AI-fueled demand is still driving gains in storage and memory shares. Sandisk, which produces NAND flash chips for solid-state drives, hasn’t escaped the effects. In January, CEO David Goeckeler told Reuters, “Customers prefer supply over price,” as AI-focused buyers rushed to secure storage contracts. Reuters
Sandisk returned to public trading in February 2025 after cutting ties with Western Digital. The company, which in January beat Wall Street expectations with its revenue and profit outlook, credited a jump in demand tied to AI data storage.

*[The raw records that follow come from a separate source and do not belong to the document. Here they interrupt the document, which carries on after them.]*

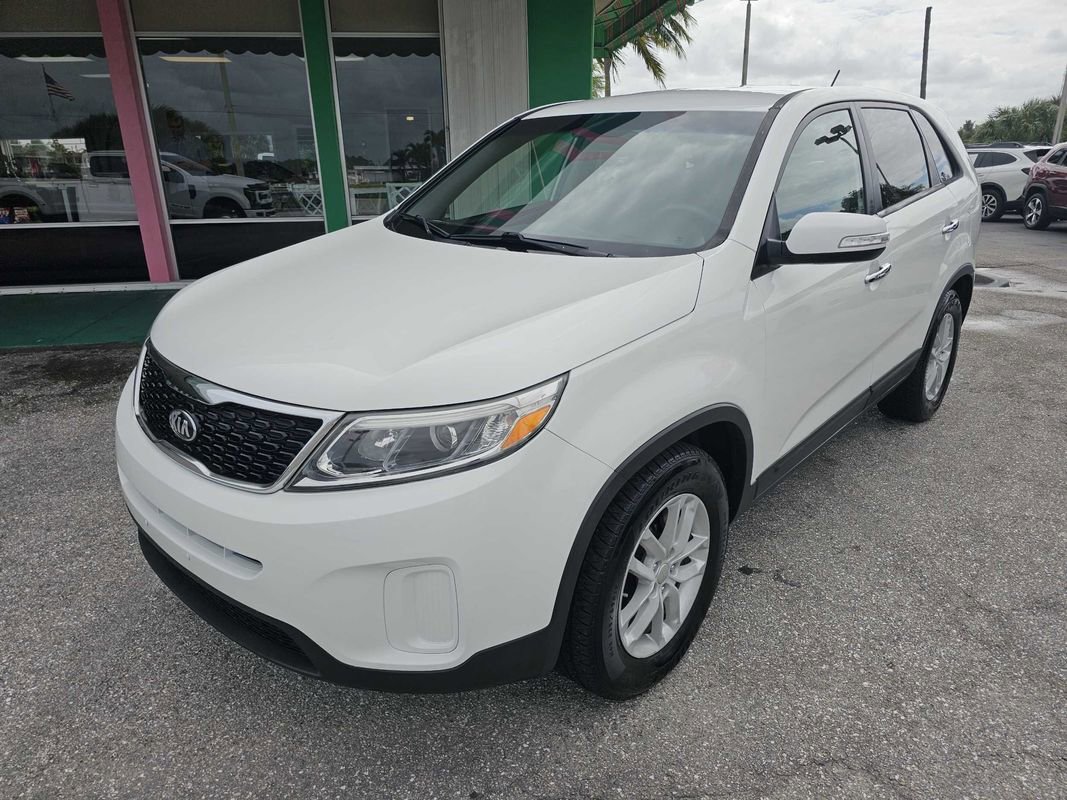 Used 2014 Kia Sorento LX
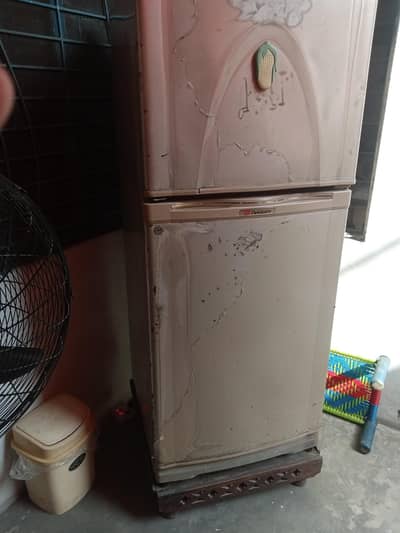 Dawlance New  Refrigerator Double Door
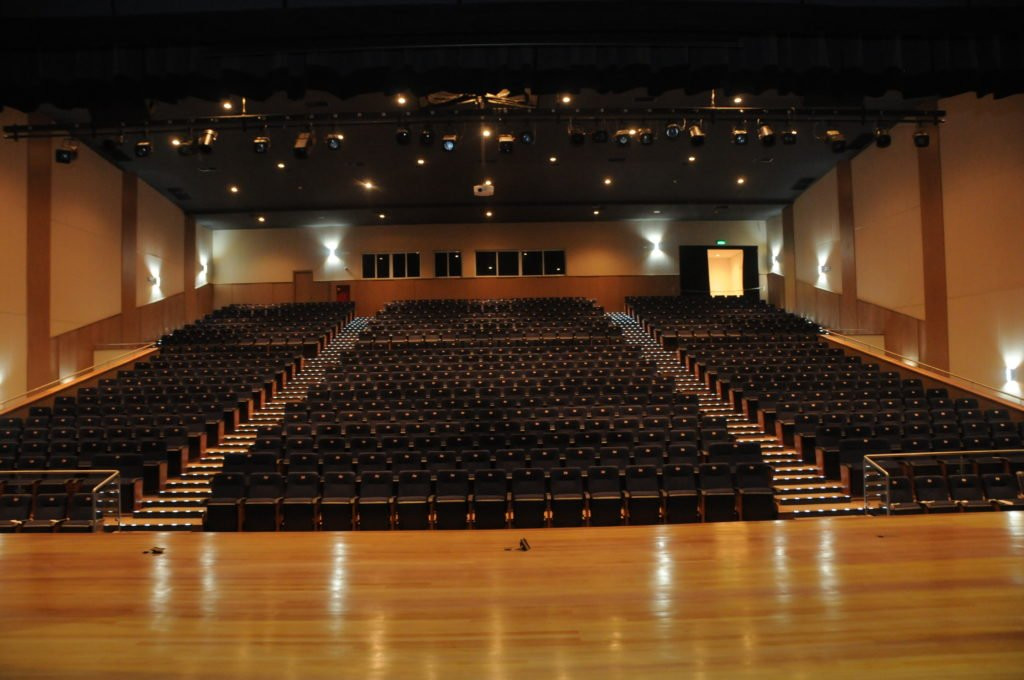 Teatro Fernando Torres-圣保罗必去景点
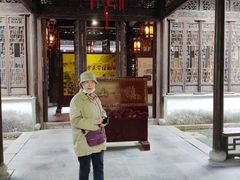 -无锡惠山寺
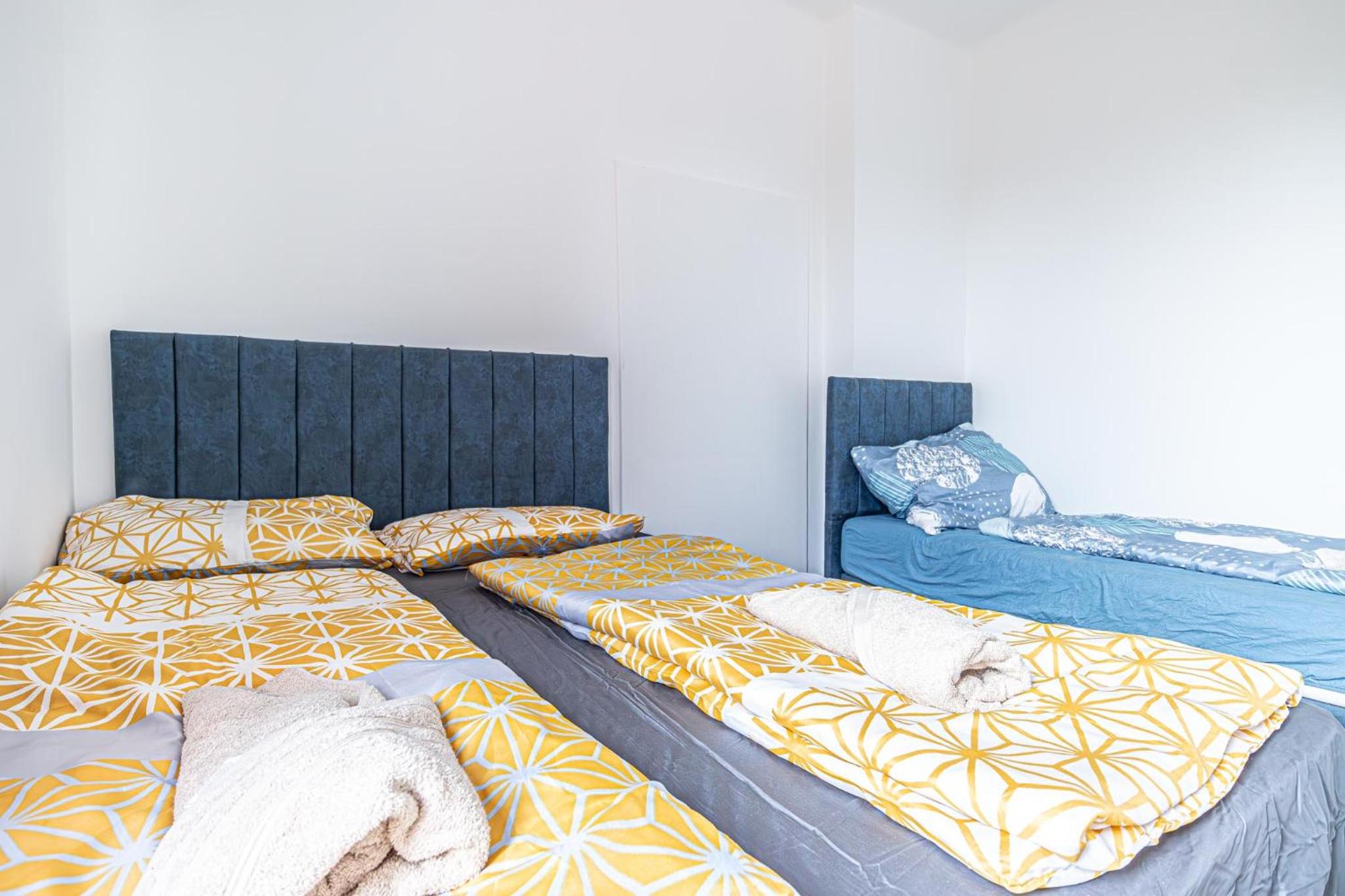 Comfy Rooms in Shared villa with Terrace and Garden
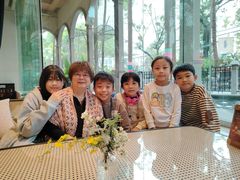 -深圳威尼斯英迪格酒店-邻芙花廊下午茶·NINFA GALLERY·蛋糕·咖啡
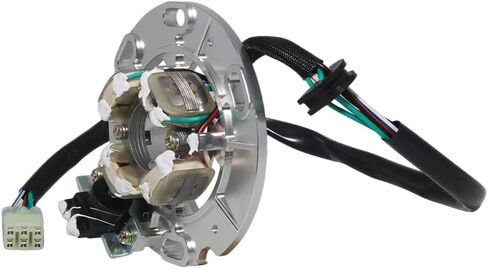 Generator Magneto Stator Coil for OEM：4SS-85560-00 4SS-85560-01 4SS-85560-02 for Yamaha YZ80 YZ80SK YZ80H SK for Yamaha YZ125 YZ125PSK YZ125LC YZ125H YZ125J YZ125K YZ125L YZ125M in Kuwait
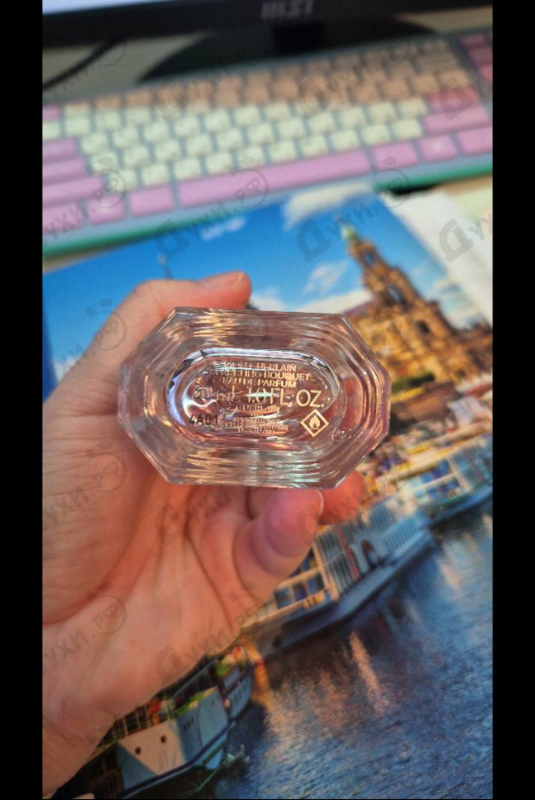 Духи Mon Guerlain Sparkling Bouquet от Guerlain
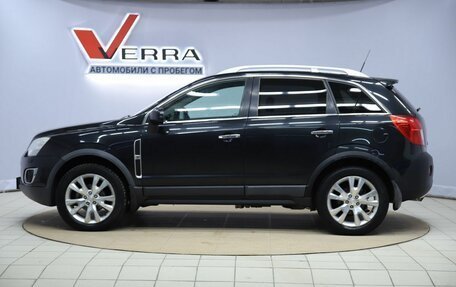 Opel Antara I, 2012 год, 1 200 000 рублей, 8 фотография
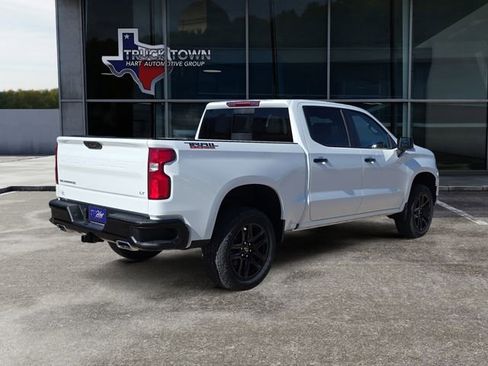 New 2026 Chevrolet Silverado 1500 LT Trail Boss w/ Convenience Package II AWD/4WD image 5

Analysts are piling in. Last week, Bernstein’s Mark Newman said the market is “significantly undervaluing earnings power and sustainability of this cycle,” referencing a Dow Jones/MarketWatch piece that Morningstar picked up. Morningstar, Inc.
It’s not just Sandisk catching the tailwind. Back in January, Reuters flagged Western Digital, Seagate, and Micron as winners too, as investors piled into memory and storage names benefiting from AI-fueled data center demand—and a tightening memory chip supply.
None of this is unfamiliar. Memory’s a wild sector—prices and supply snap back and forth, as Reuters reminded readers in January. A dip in AI infrastructure demand or a slide in NAND could swiftly take the air out of this index-driven rally.
Nasdaq’s rebalancing takes effect before the bell on April 20, and for now, the current Nasdaq-100 rules stay in place through month’s end. The fresh rulebook arrives May 1, aimed at letting big new additions join faster.